默认输入视频路径为 ./res/base，结果将保存在 ./res/interpolation 下。在 configs/sample.yaml 中，你可以修改默认的 input_folder 为 YOUR_INPUT_FOLDER。输入视频应命名为 prompt1.mp4、prompt2.mp4 等，并放在 YOUR_INPUT_FOLDER 下。启动代码将处理 input_folder 中的所有输入视频。

步骤3（可选）。视频超分辨率

运行以下命令进行视频超分辨率。

cd vsr
python sample.py --config configs/sample.yaml

默认输入视频路径为 ./res/base，结果将保存在 ./res/vsr 下。你可以在 configs/sample.yaml 中修改默认的 input_path 为 YOUR_INPUT_FOLDER。
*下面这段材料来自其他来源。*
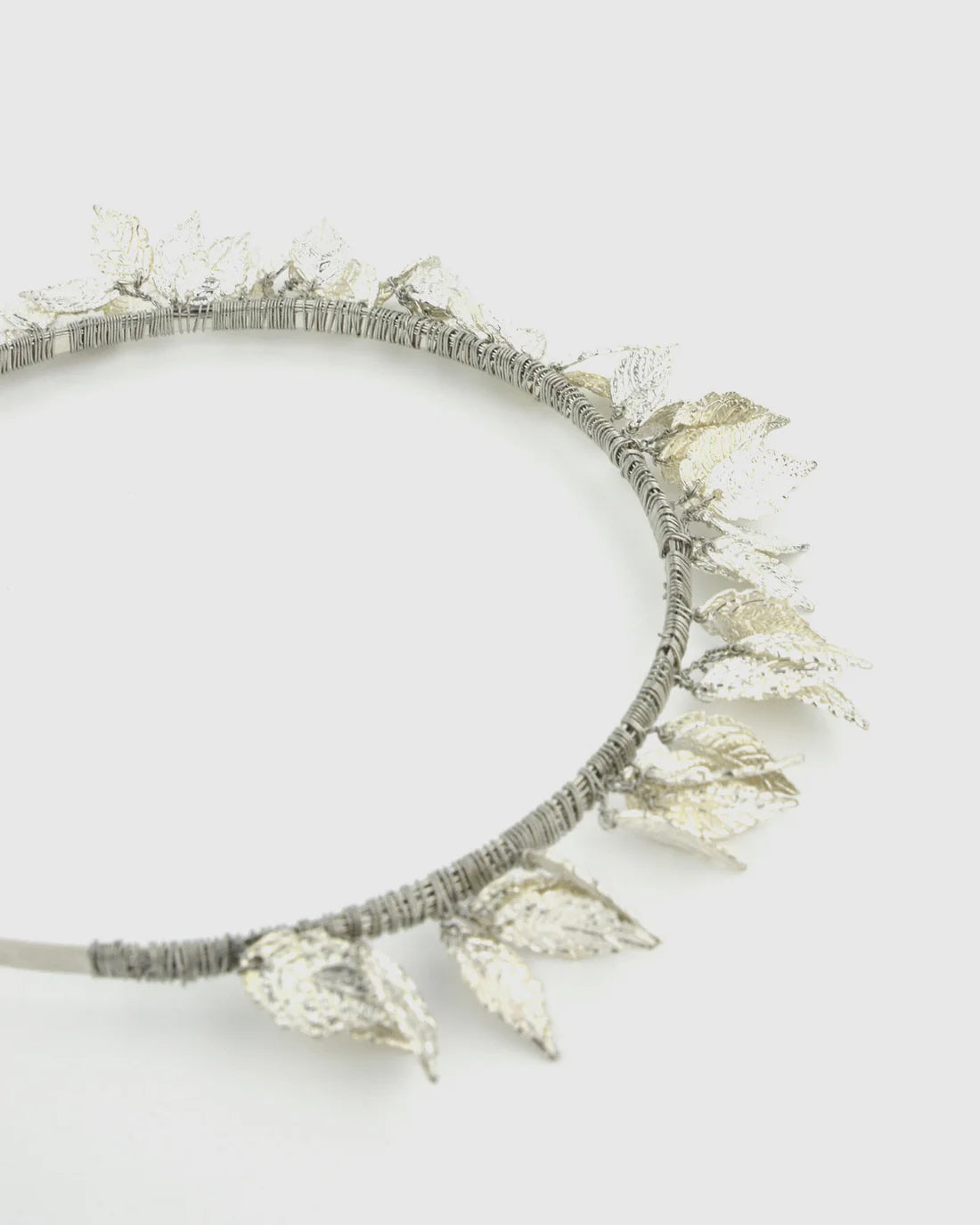 Ford Millinery | Tinker Headband | Silver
与步骤2类似，输入视频应命名为 prompt1.mp4、prompt2.mp4 等，并放在 YOUR_INPUT_FOLDER 下。启动代码将处理 input_folder 中的所有输入视频。

BibTex

@article{wang2023lavie,
  title={LAVIE: High-Quality Video Generation with Cascaded Latent Diffusion Models},
  author={Wang, Yaohui and Chen, Xinyuan and Ma, Xin and Zhou, Shangchen and Huang, Ziqi and Wang, Yi and Yang, Ceyuan and He, Yinan and Yu, Jiashuo and Yang, Peiqing and others},
  journal={arXiv preprint arXiv:2309.15103},
  year={2023}
}

@article{chen2023seine,
title={SEINE: Short-to-Long Video Diffusion Model for Generative Transition and Prediction},
author={Chen, Xinyuan and Wang, Yaohui and Zhang, Lingjun and Zhuang, Shaobin and Ma, Xin and Yu, Jiashuo and Wang, Yali and Lin, Dahua and Qiao, Yu and Liu, Ziwei},
journal={arXiv preprint arXiv:2310.20700},
year={2023}
}

免责声明

我们对用户生成的内容不承担责任。该模型未经训练以逼真地表现人物或事件，因此使用它来生成此类内容超出了模型的能力范围。禁止生成色情、暴力和血腥内容，以及生成贬低或伤害人或其环境、文化、宗教等的内容。用户对自己的行为完全负责。项目贡献者在法律上与用户的行为无关，也不对用户的行为负责。请负责任地使用生成模型，遵守道德和法律标准。